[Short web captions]
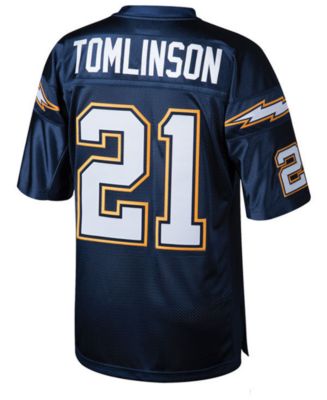 LaDainian Tomlinson Chargers 2007 authentic Reebok game model navy 21 jersey  NEW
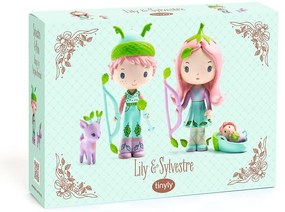 Djeco - Фигурка lilly and sylvestre DJ06960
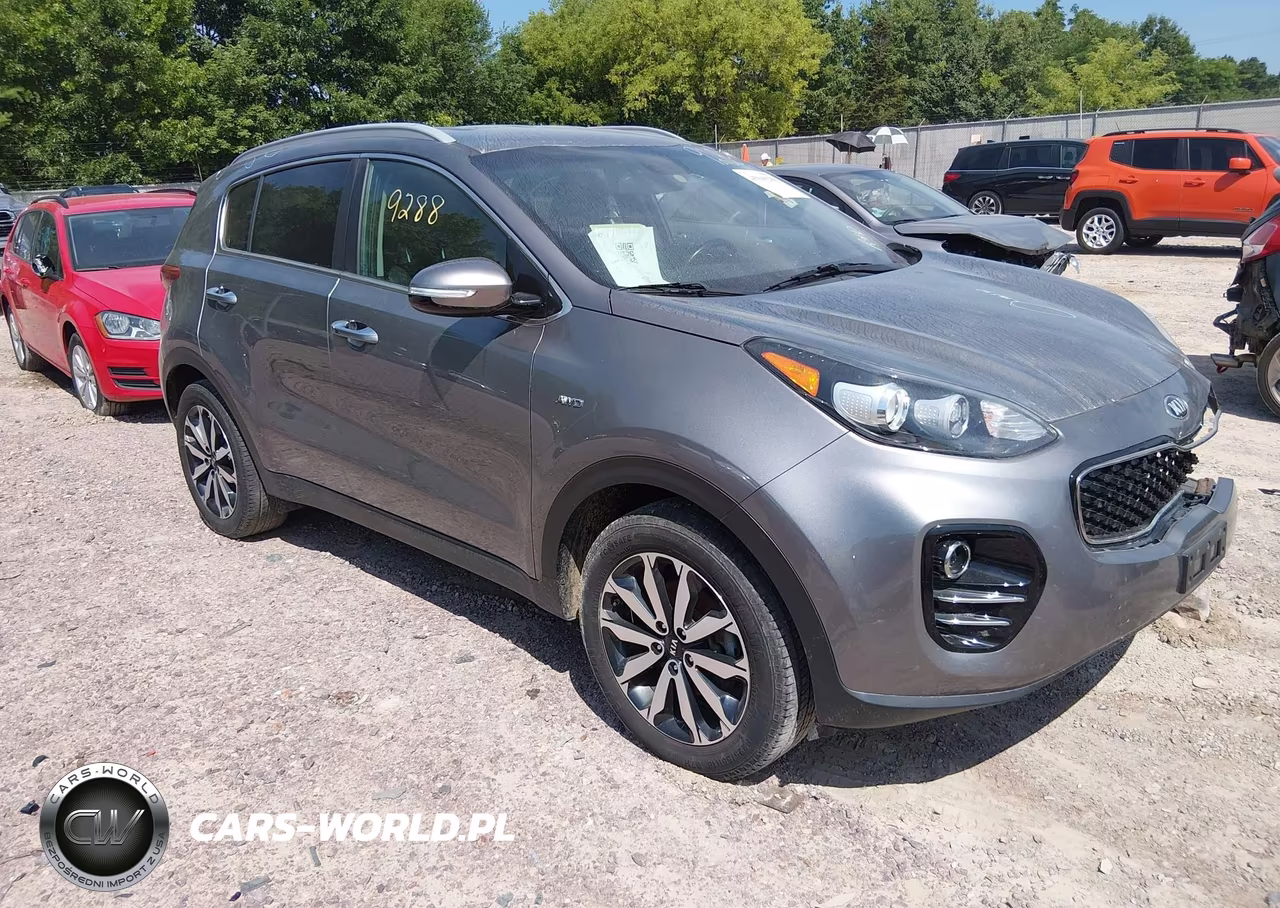 2018 Kia Sportage Ex VIN:KNDPNCAC2J7462742 - 1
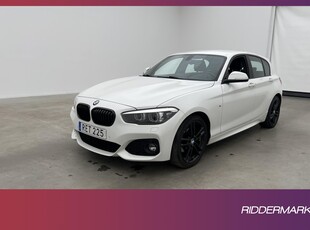 BMW 120 i 184hk M Sport Sensorer Skinn Keyless Farthållare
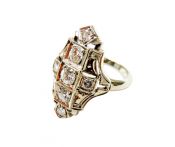 Art Deco Diamond Ring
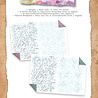 Text{ures} Beneath the Brambles Laser Cut Inkable Florals Pack (TEXLC0002)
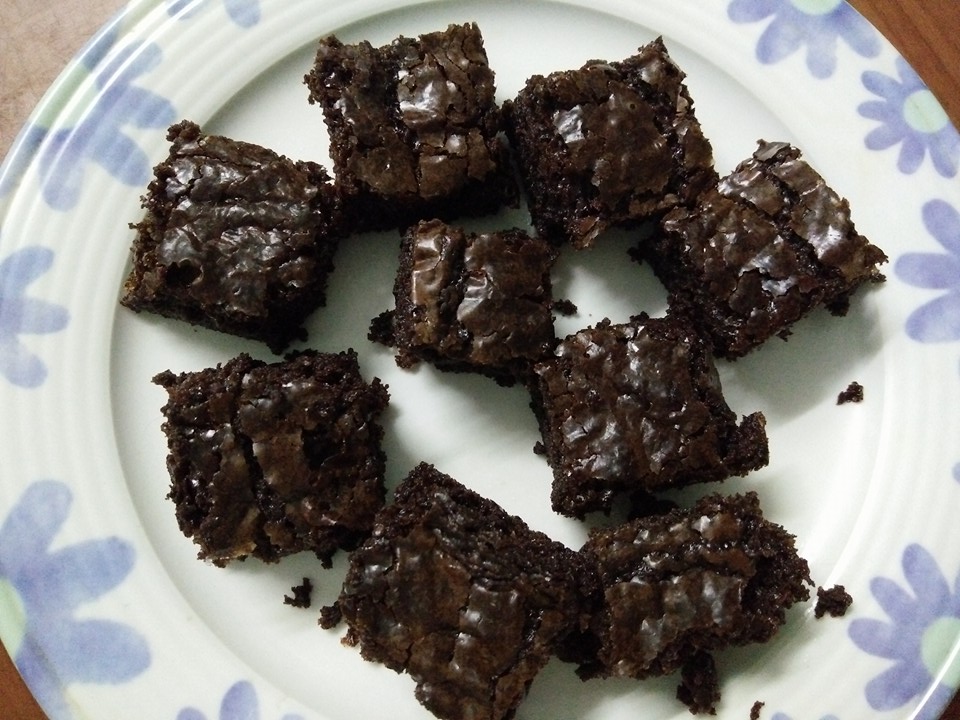 Rahsia Suri: Keluarga & Kerjaya: Resepi Brownies Kedut 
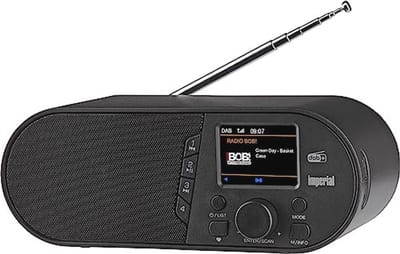 Digitale Radio met DAB+, FM, Bluetooth en Kleurendisplay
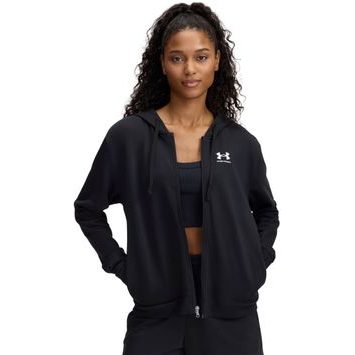 UNDER ARMOUR UA Rival Terry FZ černá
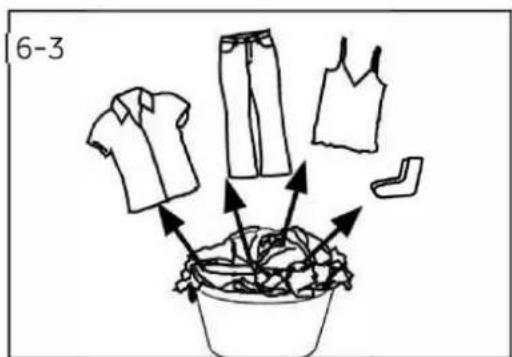 HAIER HWD120-BP14357U1 - Préparation du linge - 1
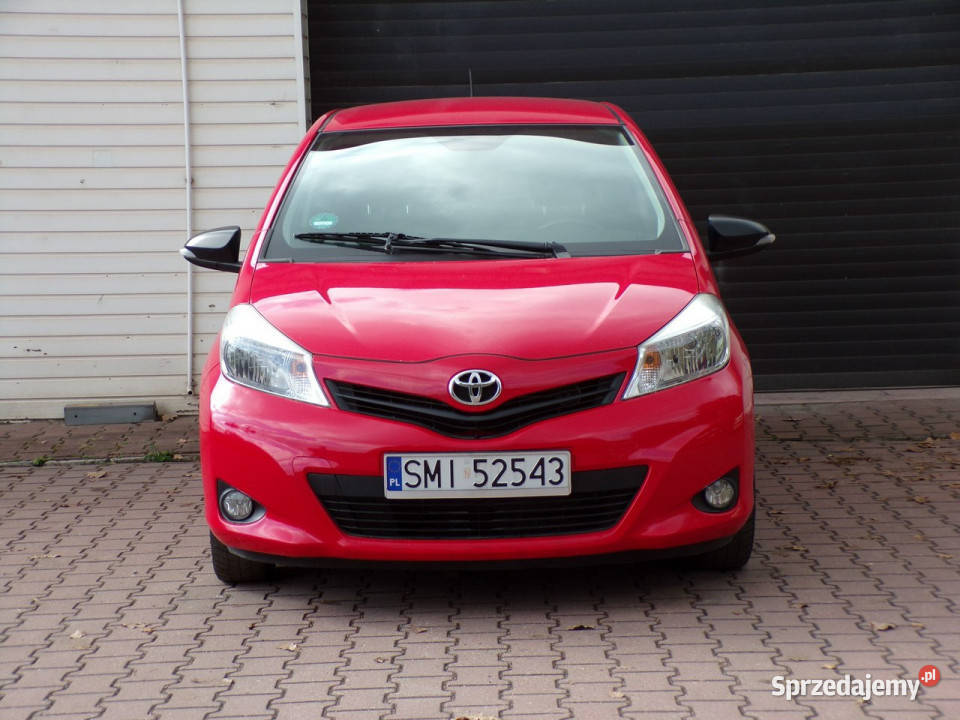 Toyota Yaris Klimatyzacja Gwarancja 10 70 2014R 70KM Mikołów sprzedam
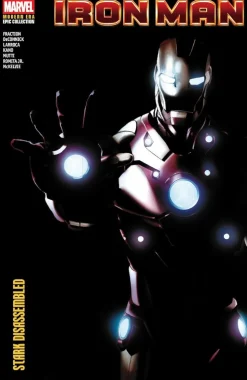 Iron Man - Modern Era Epic Collection Volume 04 Stark Disassembled Trade Paperback Book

▶ **WHAT IS REQUIRED**: Your task is to retype, exactly and only, the lines from the line holding "HAIER HWD120-BP14357U1 - Préparation" through the final line of the data above, with both ends kept. Drop the pictures.

▶ **SOLVED PROBLEM**:
 HAIER HWD120-BP14357U1 - Préparation du linge - 1
 Toyota Yaris Klimatyzacja Gwarancja 10 70 2014R 70KM Mikołów sprzedam
 Iron Man - Modern Era Epic Collection Volume 04 Stark Disassembled Trade Paperback Book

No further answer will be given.